About two days before, I would have random pop ups but most of them I exited before anything could happen. After that, it started to take a while to load Google (which has never happened before) and it was taking a long amount of time to clear browser history despite having only visited about two or three sites. Also, whenever I tried to shut down, "IEXPLORER.EXE" would have an "end program" window out which has never happened before.
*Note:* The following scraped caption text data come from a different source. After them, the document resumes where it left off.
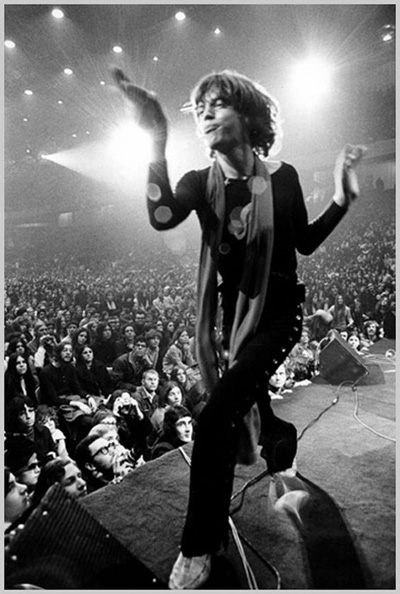 The Rolling Stones - Gimme Shelter - the best version ever. Rollin10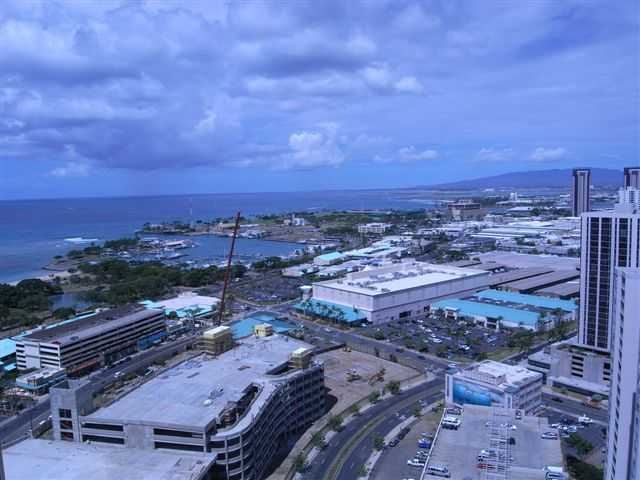 1177 Queen Street  Unit 3501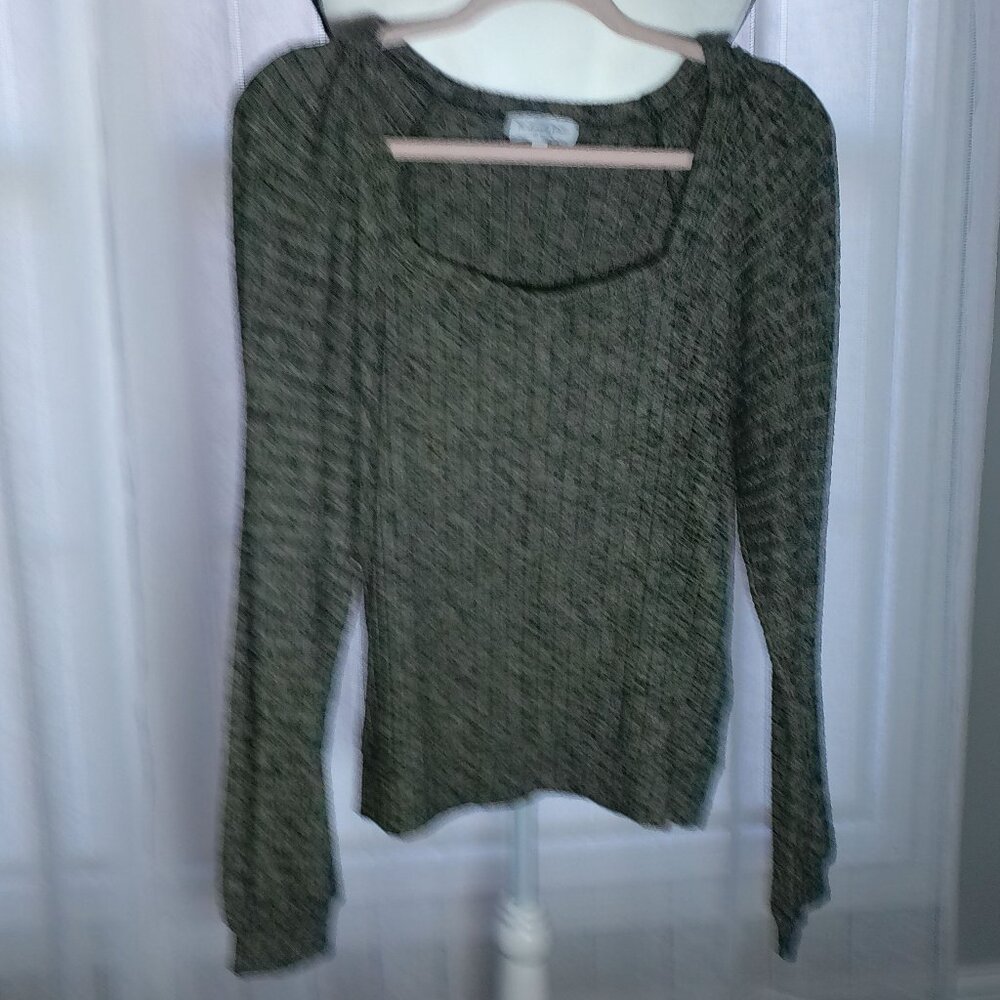 MICHAEL STARS Los Angeles Long Sleeve Square Neck Ettched Gray/Black Sweater M*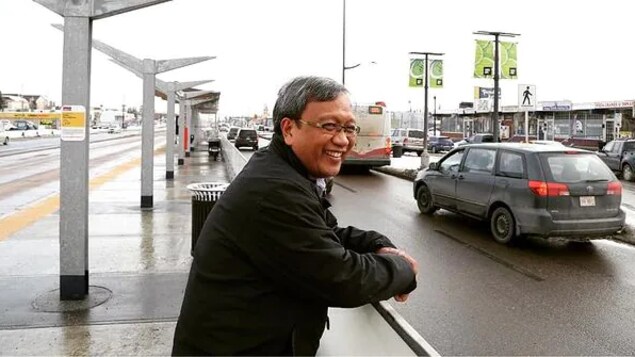 Si Cesar Cala nakatayo sa isang kalsada sa Calgary.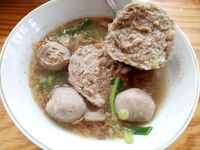 Bakso Tigan: Ah Sedap! Dingin-dingin Makan Bakso Granat dan Sumsum Berkuah Hangat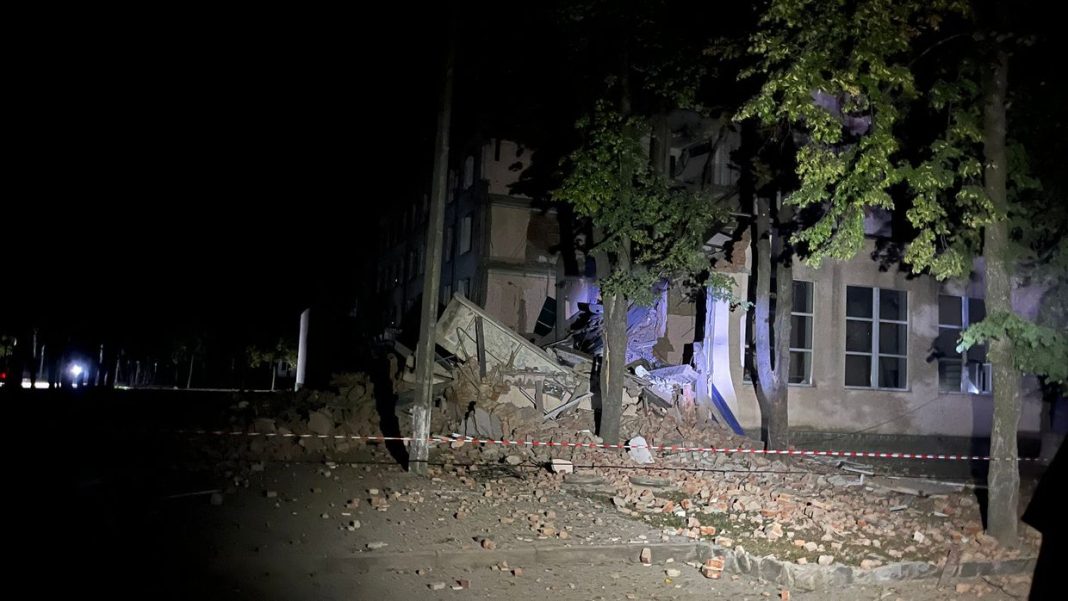 Fuerzas rusas atacan edificio universitario en Sumy
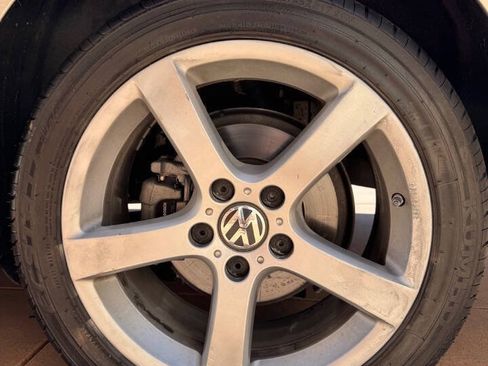Used 2010 Volkswagen Jetta TDI FWD image 24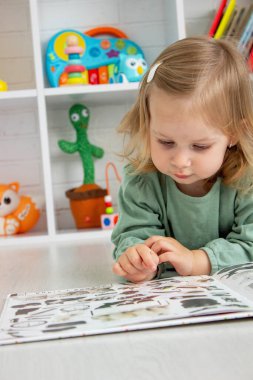 Küçük kız kitap okuyor. geliştirme.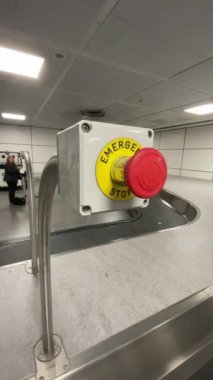 3 Mart 2023, Londra, İngiltere - Gatwick Havaalanı 'nda acil durdurma düğmesine basın. Uzaklaş. Seyahat ediyorum. Yavaş çekim 4K, dikey çekim, konsept. Yüksek kalite 4k görüntü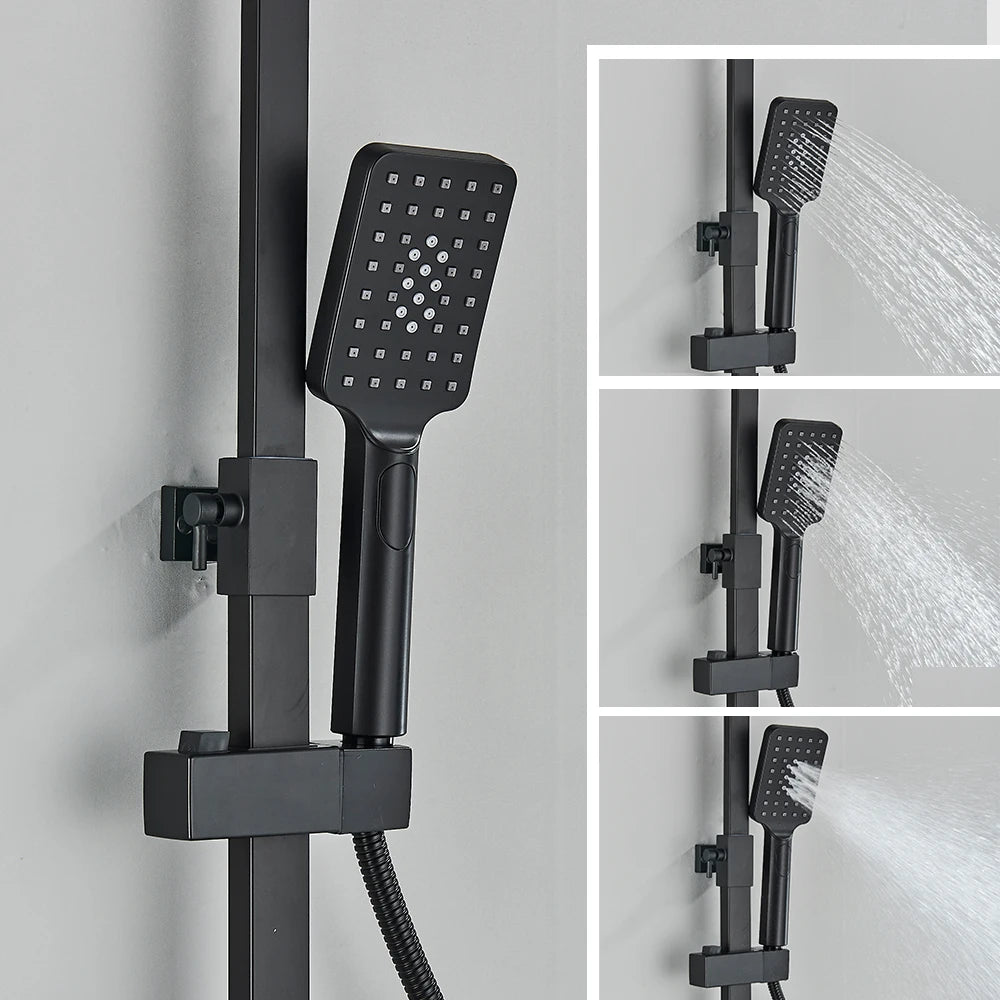 trois colonne de douche noires avec effet pluie, cascade, Jets et douchette à main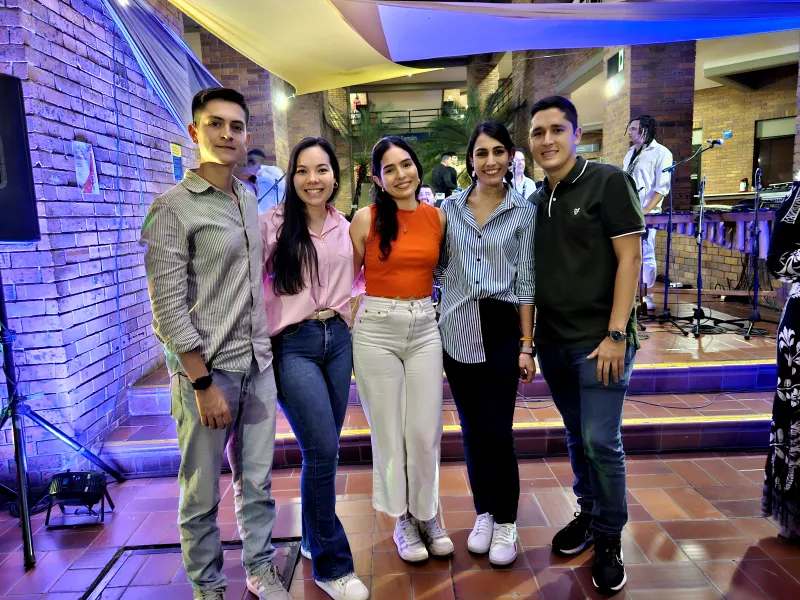 Emotivo encuentro de egresados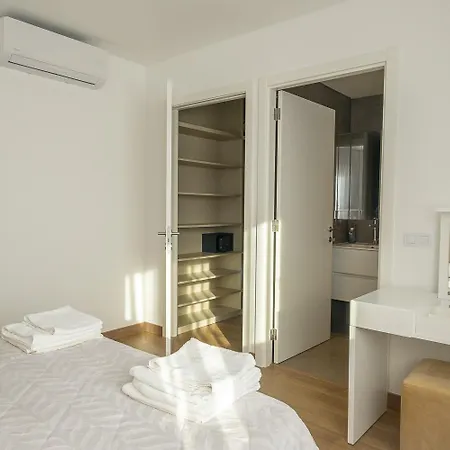 Waves - By Smarthomes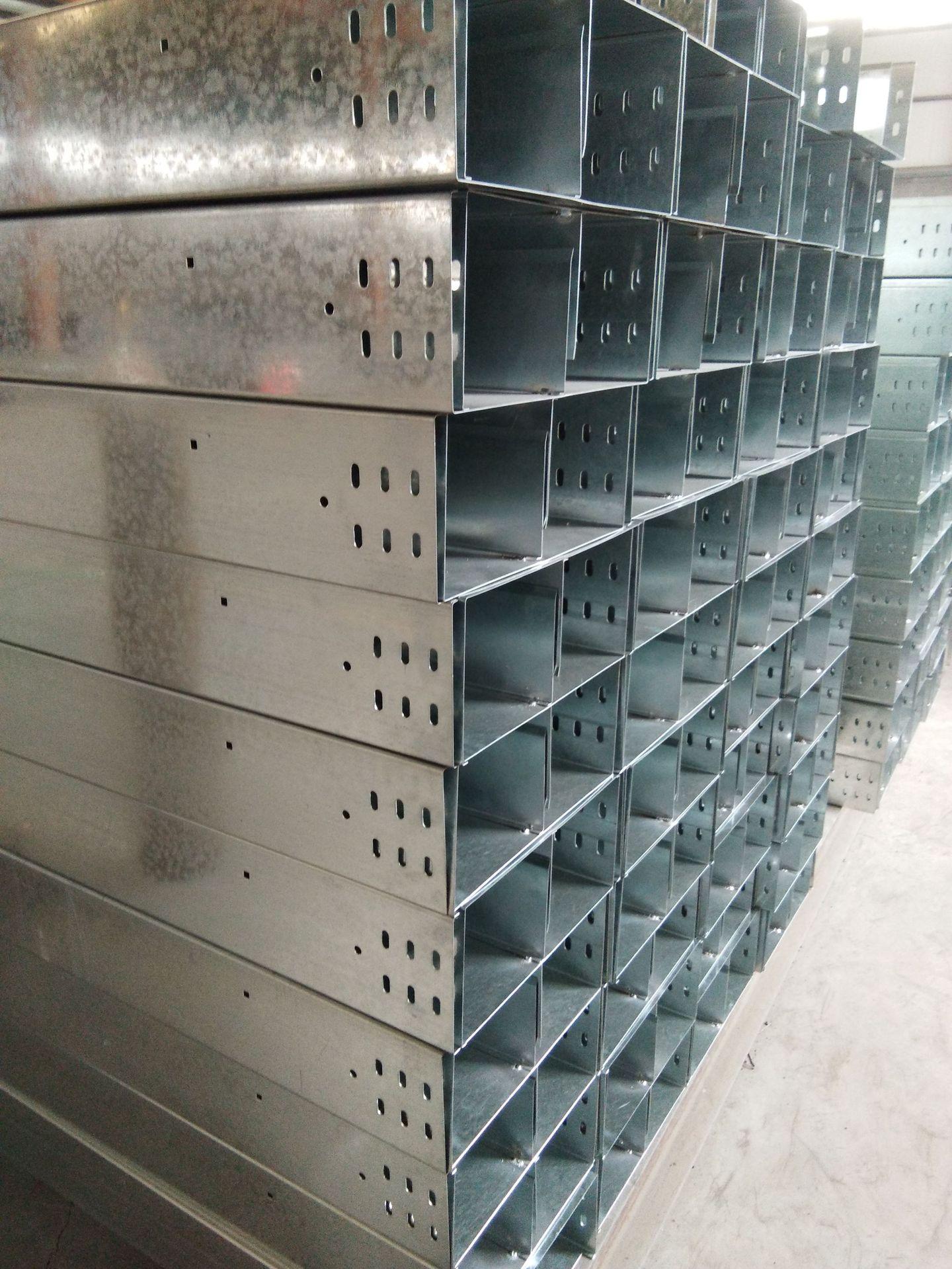 桥架最新价格行情查询-阿里热销亿富腾镀锌多样米条线槽-阿里巴巴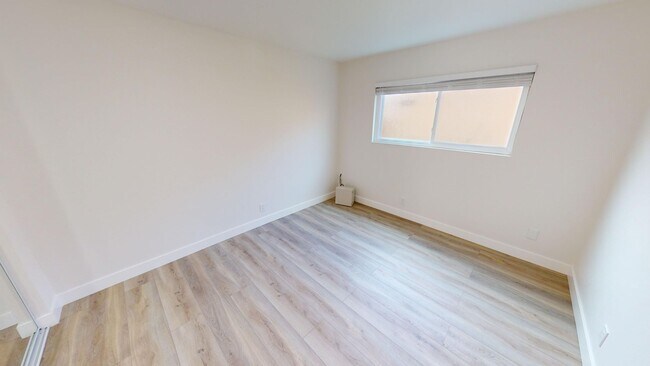 Building Photo - Spacious 3 Bedroom, 2.5 Bathroom Home with...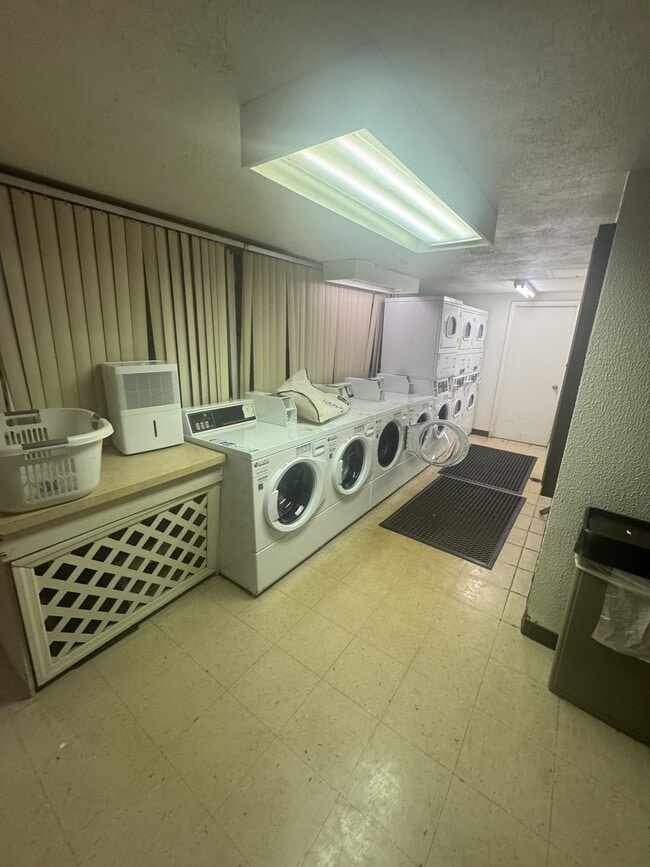 Building Photo - 3901 Tunlaw Rd NW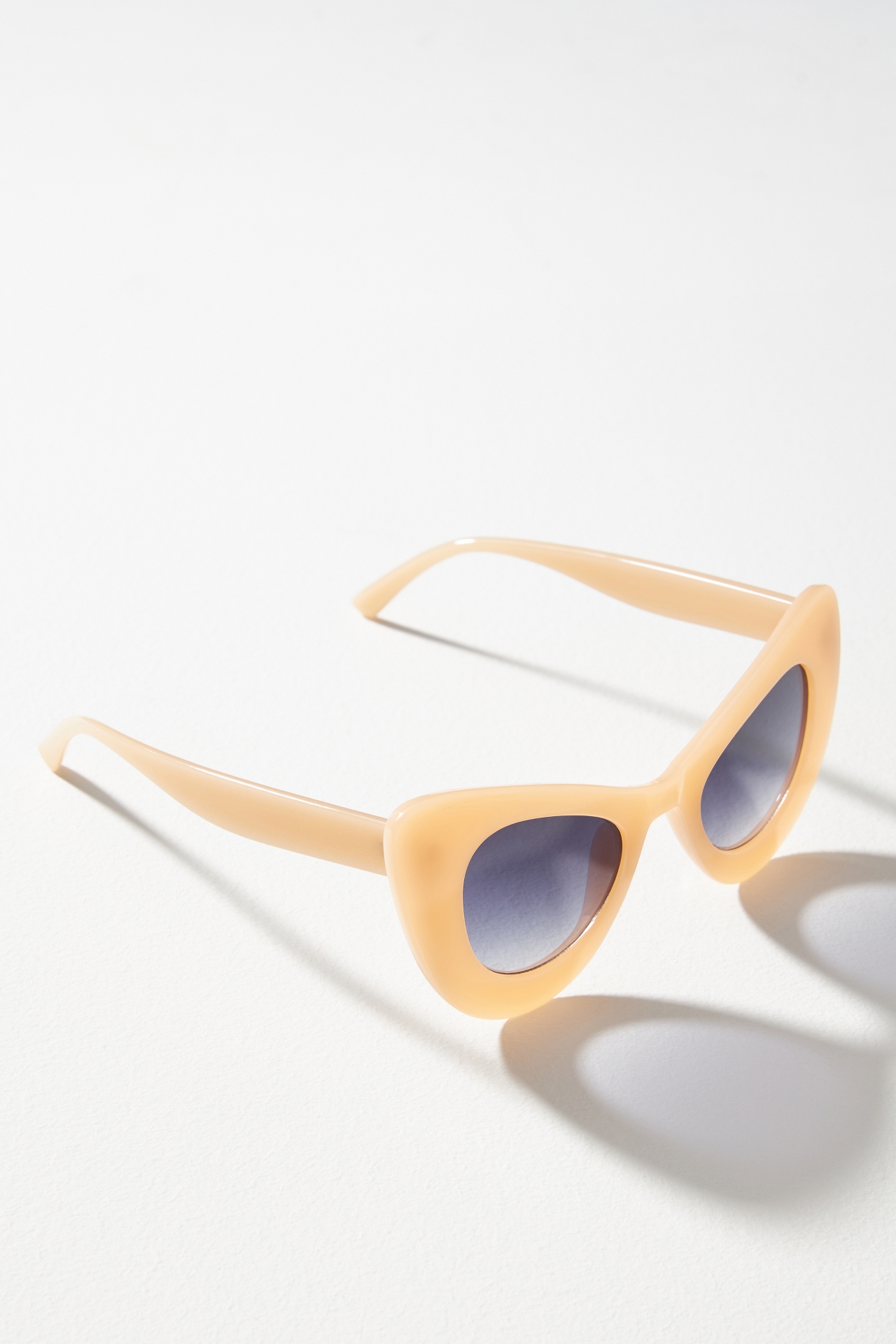 Oversized Curvy Cat-Eye Sunglasses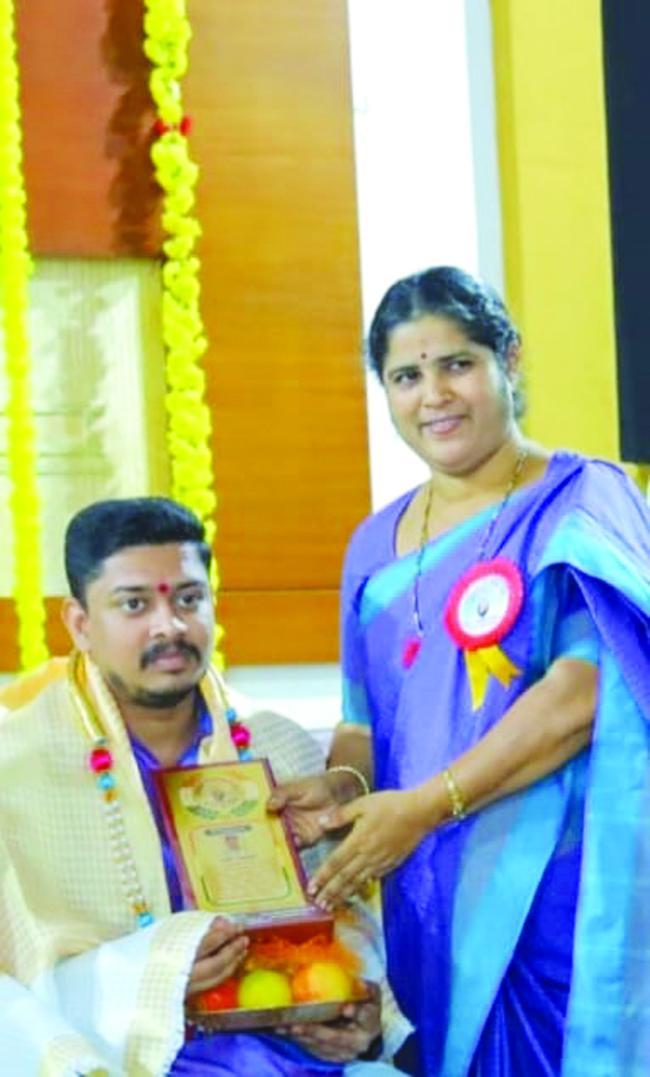 ಪವರ್ ಲಿಫ್ಟಿಂಗ್  ಸಾಧಕ ಕಿರಣ್ ಗುಂಗೇರ: ಮಂಗಳೂರು ಜಿಲ್ಲಾಡಳಿತದಿಂದ ಅಭಿನಂದನಾ ಸನ್ಮಾನ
Finally, yesterday after scanning, I attempted to system restore to all the check points before my computer started acting strangely. I was unable to do that and I appeared to be recieving false windows error messages in which it stated something along the lines of, "A serious threat on your computer has been detected and it has been logged." At first I thought it was a real message and clicked "don't send error report" but it continued to pop up. 
HELP! Has anyone experienced something like this? I'm really worried because I am not an expert on computers and I'm not sure if what was happening days earlier before the trojan was detected is just my computer being retarded.
I have a Windows XP.
Oh yeah, it appears to be located in C:\PROGRAM FILES\SHARED\. Thanks in advance


----------



## wardhanster

well trojan viruse has two parts like client and a server... the server part is the virus which installs itself in your computer and then it sends your information over the web to its owner(i.e client) now that you have cleaned your system with whatever ... you should be on the safe side ... in case you want to confirm that too.... juz open task manager and see what your cpu usage is ..if it is hitting 100% or something simmilar with no application running you definately have some more viruses lying arround... 
try "Torjan remover " tool to identify and get rid of them... or you can use avg home edition and select boot time scan option... after that restart your system and let the boot time scanner scan your system for torjans and viruses and take care of them properly..


----------



## johnb35

Please follow the instructions in this thread and post the requested logs.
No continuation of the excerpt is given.